Mi sembra di capire che i Jethro Tull siano il tuo gruppo del cuore, ma ti sei sposato indossando una maglia dei Queen mentre tua moglie ne aveva una degli Yes. Si tratta di tradimento?

Ma sai proprio tutto! Grande! Quando ho saputo che Martin Barre e Clive Bunker dei Jethro sarebbero stati al nostro matrimonio, conoscendoli ho pensato che mi avrebbero preso in giro tutto il giorno perché indossavo una loro t-shirt il giorno del mio matrimonio, allora ho optato per i Queen, che adoro al pari dei Tull. Mia moglie è una grande fan degli Yes. Ho capito solo il giorno dopo che non era solo per la band, ma anche per il “sì”. Sono solo il batterista alla fine, un po’ lento di comprendonio.

Da batterista di alto livello ti chiedo se puoi dare qualche semplice consiglio a chi si vuole avvicinare al tuo strumento.

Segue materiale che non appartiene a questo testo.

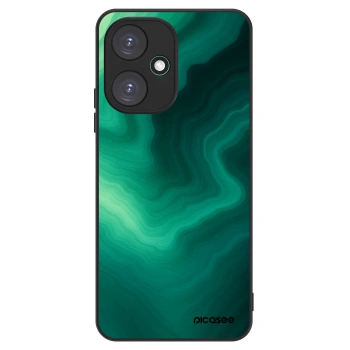 Obal pro Xiaomi Redmi 13C 5G - Malachite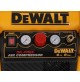 Compressore elettrico aria compressa portatile Dewalt 6 litri 230V + tubo 5 mt.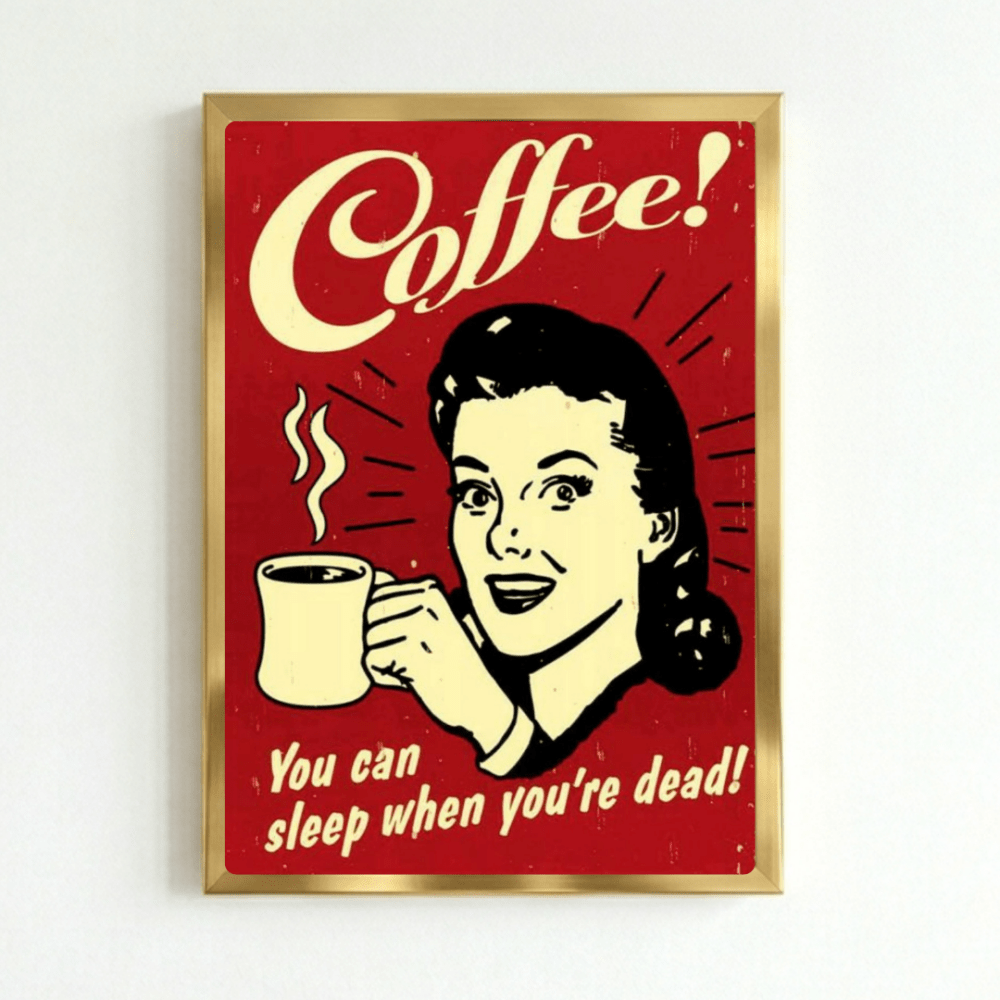 bar and restaurant decoration, coffee - Vibes Districtbar and restaurant decoration, coffee poster NeroVibes District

Premetto che non mi considero un batterista di alto livello, ma ti ringrazio davvero per la tua stima. Studio tutte le mattine per migliorarmi e non fare brutte figure quando suono! La mia idea è di prendere lezioni e cercare di imparare quanto più possibile e ascoltare molta musica diversa, ma poi specializzarci in ciò che ci piace davvero. Se abbiamo provato per due anni ad ascoltare ogni forma di jazz ma quando ci sediamo alla batteria suoniamo dietro a Reign In Blood, direi che la nostra direzione musicale è piuttosto chiara, ma il fatto di aver studiato altri generi ci aiuterà a suonare meglio in generale e con maggiore consapevolezza. Direi che individuare una scuola con un insegnante che ci piace, o studiare privatamente con un bravo maestro è molto molto utile. Io vorrei averlo fatto prima nella mia evoluzione. Non serve avere una batteria costosa, bisogna studiare. Allora poi una batteria da 500/700 euro con delle buone pelli accordate e dei piatti decenti suonerà come una che costa dieci volte tanto. Quando presto la mia vecchia Tamburo da 460 euro a Clive Bunker lui la suona ed esce il suono che aveva nel 1970 all’Isola di Wight davanti a 650.000 persone (si riferisce al grandioso concerto con The Doors, The Who, Jimi Hendrix, Jethro Tull, Free, Emerson, Lake & Palmer e altri nomi fondamentali per il rock, potete recuperare il video “Message To Love: The Isle Of Wight festival”, ndMF). Io mi siedo dietro e tento di rubare il mestiere. Quello del suono è un aspetto affascinante e spesso trascurato dal batterista inesperto.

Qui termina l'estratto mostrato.